We carried out an announced comprehensive inspection at Church Lane Surgery on 7 January 2016. Overall the practice is rated as good.

Our key findings across all the areas we inspected were as follows:

  • There was an open and transparent approach to safety and an effective system in place for reporting and recording significant events.
  • Risks to patients were assessed and well managed.
  • Staff assessed patients’ needs and delivered care in line with current evidence based guidance.

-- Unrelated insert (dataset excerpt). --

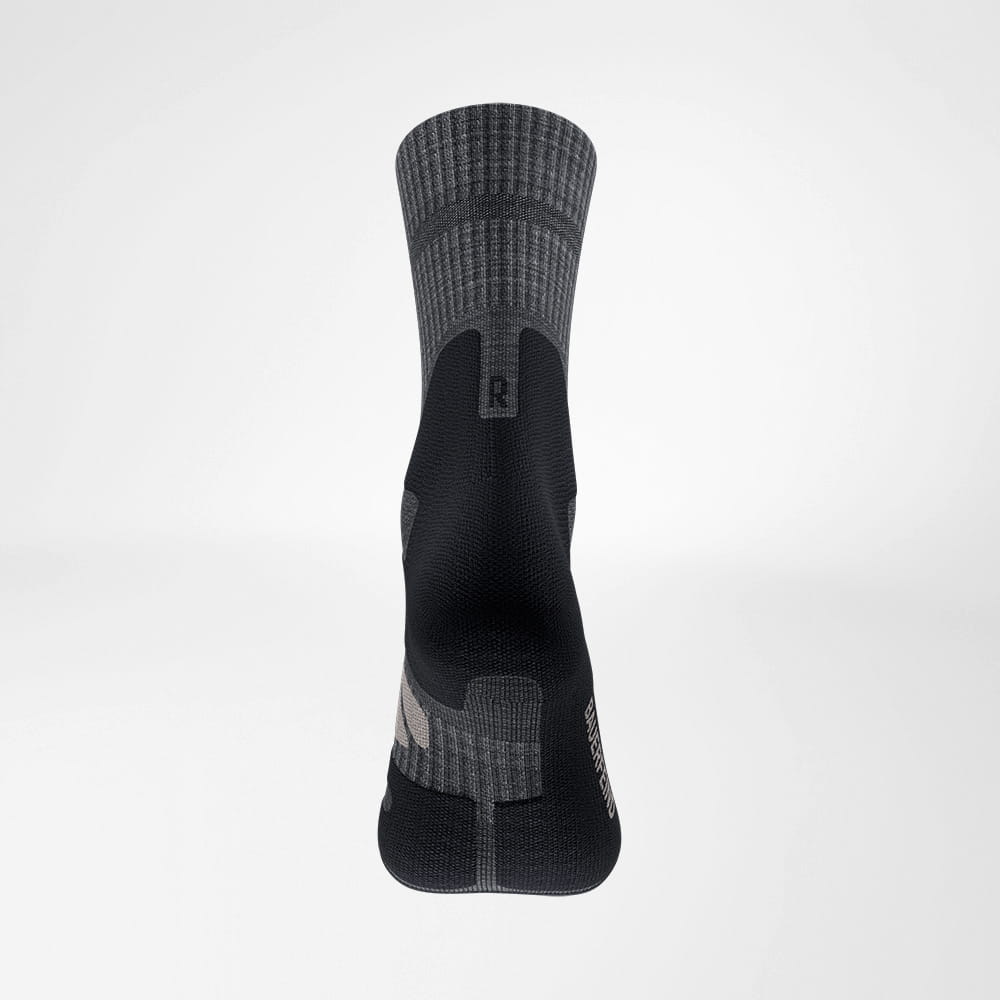 Image of Outdoor Merino Midcut Socks Lava Grey Back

Staff had the skills, knowledge and experience to deliver effective care and treatment.
  • Patients said they were treated with compassion, dignity and respect and they were involved in their care and decisions about their treatment.
  • Information about services and how to complain was available and easy to understand.
  • Patients said they found the recently improved appointment system easier to book an appointment, though not necessarily with the GP of their choice. Continuity of care was delivered as GPs booked any necessary follow ups with the patient at the time of their initial appointment. Most appointments were available on the same day.
  • The practice was making good use of the facilities available to them and tailored services to best meet patient needs.
  • There was a clear leadership structure and staff felt supported by management
  • The practice proactively sought feedback from patients and staff; and acted upon this feedback.
  • The provider was aware of and complied with the requirements of the Duty of Candour.

We saw one area of outstanding practice:

  • The practice ran an in-house Shared Care service offering support for opiate users. This service was provided by a dedicated GP who was supported by a drugs keyworker and by input from WYFI (West Yorkshire Finding Independence) service.Patients registered at practices other than Church Lane Surgery were able to access this service.The practice demonstrated that this service was able to provide a wide range of services to local people and prevented them from needing to access city centre substance misues services.

However there were areas where the provider needs to make improvements. Specifically the provider should:

  • Complete an annual infection prevention and control (IPC) audit and ensure any identified actions are completed.

  • Complete annual appraisals for all staff

  • Establish regular multidisciplinary (MDT) meetings which are minuted.